Die Idee fuer dieses Konzept entstand erstmals, als Claus und ich die Geschehnisse im Rahmen der NPD-Demonstration am 1. Mai in Ulm und die dazugehoerigen Gegendemonstrationen per Kamera mehr oder weniger live dokumentieren wollten. Im Endeffekt war es ein abwechselndes Fotografieren und Hochladen der Bilder, was aber nicht wirklich befriedigend war.

So kam also zunaechst die Idee auf, die Bilder direkt nach ihrem Entstehen auf das Netbook im Rucksack zu uebertragen und von dort aus samt Geotag zur Redaktion weiterzuleiten. Langsam reifte diese Idee weiter und fuehrte schliesslich zu einem Konzept, Journalisten in moeglicherweise feindlich gesinntem Umfeld (Stichwort Iran) die Moeglichkeit zu bieten, Bilddokumentation direkt und sicher weiterzuleiten, sich eventuell mit anderen Reportern zu koordinieren und dabei moeglichst wenig aufzufallen. Ein weiteres Anwendungsfeld waere beispielsweise eine verteilte mobile Bestandsaufnahme nach Grossschadenslagen, bei denen Katastrophenschutzeinheiten und Feuerwehr auch nach Ausfall der normalen Fernmeldeinfrastruktur eine schnelle und flaechendeckende Erkundung des betroffenen Gebiets durchfuehren koennen.

Scr300

An solch ein System werden harte Anforderungen gestellt. Es muss vor allem in jeder Hinsicht robust sein: Gegen mechanische Belastung wie Schlaege, fallende Gegenstaende sowie Hitze- und Feuchtigkeitseinwirkung muss es ebenso geschuetzt sein wie vor elektromagnetischen Stoerquellen, wie sie beispielsweise durch beschaedigte Hochspannungs- oder Sendeanlagen in Erdbebengebieten prinzipiell vorkommen koennen. Der Uebertragungsweg muss ebenso robust sein: Einerseits muss er den Ausfall beispielsweise des UMTS-Netzes verkraften koennen und alternative Uebertragungswege beispielsweise ueber WLAN- oder Bluetooth-Meshing mit anderen solchen Rucksaecken ermoeglichen und eine sichere Uebertragung garantieren, andererseits muss auch gewaehrleistet sein, dass Dritte die Informationen auf dem Weg nicht abfangen, einsehen oder aendern koennen. Da gerade in Krisengebieten eine Stromversorgung nicht staendig gesichert ist, sollten die uebertragenen Daten stets auf mehrere Standorte verteilt gesichert werden, um bei Ausfall eines Speicherortes die Daten noch an den anderen Orten zur Verfuegung zu haben. Eine lange Einsatzdauer ist Pflichtvoraussetzung, ohne dabei den Benutzer durch furchtbar schwere Akkupacks unnoetig koerperlich zu belasten. Schlussendlich muss der Benutzer Probleme wie zur Neige gehende Akkukapazitaet, Uebertragungsfehler oder dergleichen sicher angezeigt bekommen, eventuell ist auch ein Rueckkanal von der Leitstelle zum Benutzer denkbar.
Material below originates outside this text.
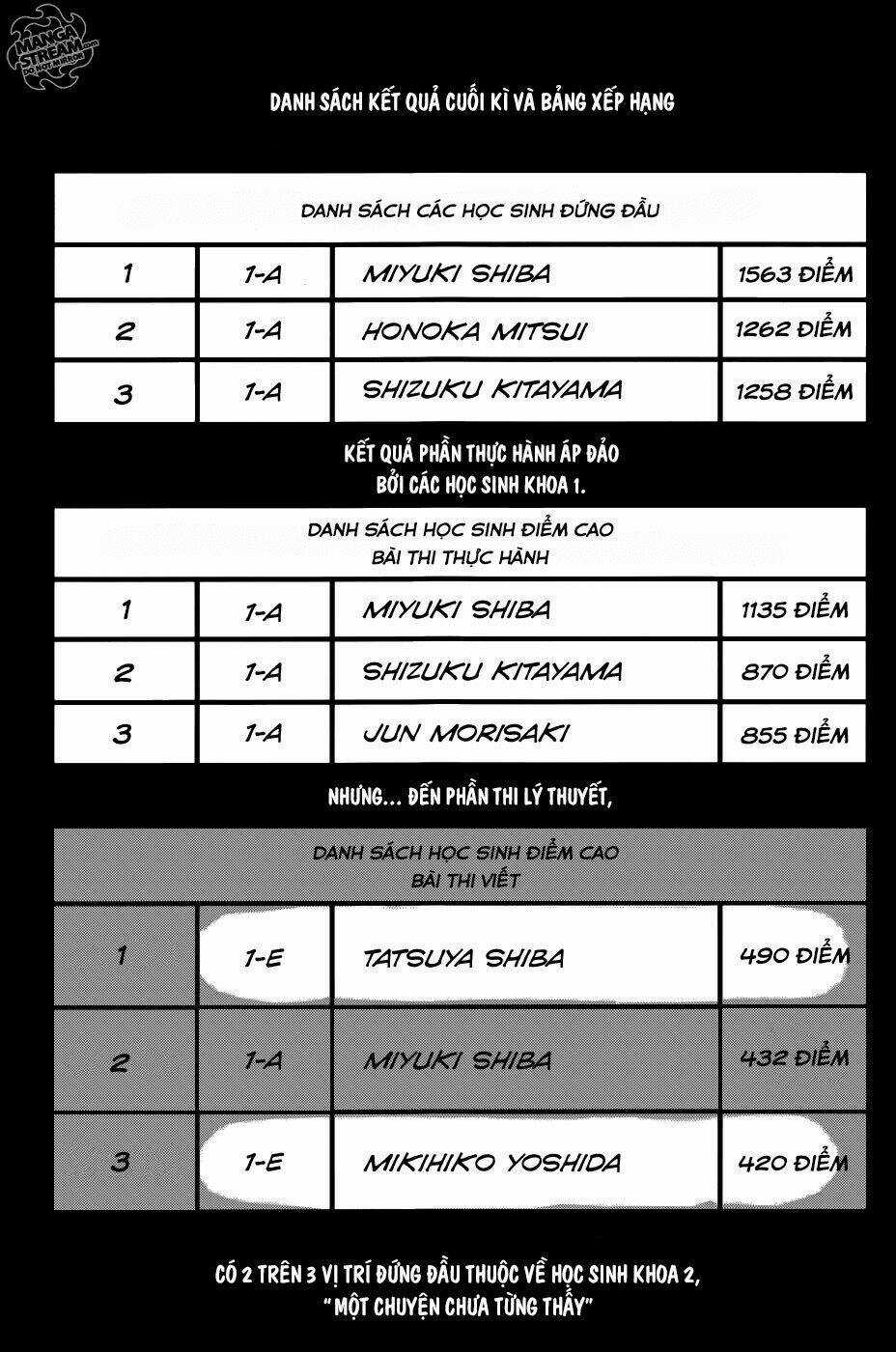 Mahouka Koukou No Rettousei - Kyuukousen Hen Chapter 1 trang 6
Da hier mehrere klassische Ubicomp-Themengebiete zum Tragen kommen (Trust, Security etc.) sieht es derzeit so aus, als koennte ich eine Beispielumsetzung in meinem Anwendungsfach realisieren. Natuerlich laesst sich jedes Problem einfach loesen, indem man es mit ausreichend Geld bewirft (alte Ingenieursweisheit), in diesem Fall steht aber natuerlich auch ein guenstiger Preis im Pflichtenheft. Fuer Feedback und Input bin ich auf jeden Fall immer offen :)

Dass solch ein System prinzipiell auch in der Lage waere, polizeiliche Uebergriffe auf Demonstrationen zu dokumentieren und sicher an mehrere unabhaengige Orte zur spaeteren gerichtlichen Verwertung zu uebertragen, ist tatsaechlich reiner Zufall, aber nicht unwillkommen.